Let's develop the term (dropping the subscript here) $|00⟩+|11⟩$ in term of the new basis :

$ |00⟩+|11⟩ = (\alpha^2+\gamma^2) |\phi_0 \phi_0⟩ + (\beta^2+\delta^2) |\phi_1 \phi_1⟩ + \alpha \beta |\phi_0 \phi_1⟩ + \alpha \beta |\phi_1 \phi_0⟩ + \gamma \delta |\phi_0 \phi_1⟩ + \gamma \delta |\phi_1 \phi_0⟩ $

If we can show that $\alpha \beta$ = - $\gamma \delta$ then the above expression reduces to

$|00⟩+|11⟩ =(\alpha^2+\gamma^2) |\phi_0 \phi_0⟩ + (\beta^2+\delta^2) |\phi_1 \phi_1⟩$

and we would only need to prove $(\alpha^2+\gamma^2) = (\beta^2+\delta^2) = 1 $.

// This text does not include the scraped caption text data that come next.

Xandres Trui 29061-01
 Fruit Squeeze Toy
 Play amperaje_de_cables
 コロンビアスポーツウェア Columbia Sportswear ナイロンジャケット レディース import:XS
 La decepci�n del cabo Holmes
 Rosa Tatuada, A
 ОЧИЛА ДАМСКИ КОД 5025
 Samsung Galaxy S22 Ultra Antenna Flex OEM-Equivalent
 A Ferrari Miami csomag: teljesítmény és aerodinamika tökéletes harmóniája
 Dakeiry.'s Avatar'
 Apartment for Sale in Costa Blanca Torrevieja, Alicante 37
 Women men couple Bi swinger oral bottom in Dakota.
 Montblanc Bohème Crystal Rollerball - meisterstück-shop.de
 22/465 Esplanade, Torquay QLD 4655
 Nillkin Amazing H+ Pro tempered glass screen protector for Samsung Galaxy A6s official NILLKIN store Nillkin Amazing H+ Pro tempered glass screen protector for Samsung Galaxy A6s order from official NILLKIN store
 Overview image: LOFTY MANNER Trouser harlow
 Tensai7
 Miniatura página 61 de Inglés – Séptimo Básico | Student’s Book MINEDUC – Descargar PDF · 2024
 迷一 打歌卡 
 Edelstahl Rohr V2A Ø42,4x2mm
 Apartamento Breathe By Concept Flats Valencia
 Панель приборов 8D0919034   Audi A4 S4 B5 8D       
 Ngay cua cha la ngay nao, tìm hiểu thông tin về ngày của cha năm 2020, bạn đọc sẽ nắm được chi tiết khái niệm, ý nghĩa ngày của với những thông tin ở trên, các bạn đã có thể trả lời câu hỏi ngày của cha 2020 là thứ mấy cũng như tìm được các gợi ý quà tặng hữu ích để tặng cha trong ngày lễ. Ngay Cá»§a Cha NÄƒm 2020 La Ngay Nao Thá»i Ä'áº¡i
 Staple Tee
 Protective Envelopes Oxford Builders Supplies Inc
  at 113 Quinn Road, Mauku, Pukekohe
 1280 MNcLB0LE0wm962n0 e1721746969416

Let's show that indeed $\alpha \beta$ = - $\gamma \delta$. First remind that a unitary transform preserves orthogonality and since $|0⟩$ and $|1⟩$ are orthogonal, so are $\alpha |\phi_0⟩ + \beta |\phi_1⟩$ and $\gamma |\phi_0⟩ + \delta |\phi_1⟩$

writing the scalar product between the two and using orthogonality we find the relation :

$\alpha \gamma + \beta \delta = 0$

Not yet what we want. We also know from definition of a qubit that

$\alpha^2 +\beta^2 =1$

$\gamma^2 + \delta^2 = 1$

combining those three equalities and with some help from wolphram I found that this system had solutions all implying the equality $\alpha \beta = -\gamma \delta$. I'm not writing the solutions here but you can use this link to wolphram to check it yourself. Hence the cross term do cancel.

To show that $(\alpha^2+\gamma^2) = (\beta^2+\delta^2) = 1$, we can use the result we just showed and the equality using orthogonality :

$\alpha \gamma = - \beta \delta$

$\alpha \beta = -\gamma \delta$

so $\gamma = -\beta$ and $\alpha^2 + \beta^2 = \alpha^2 + \gamma^2 = 1$. proceed the same way to show $\beta^2 + \delta^2 = 1$.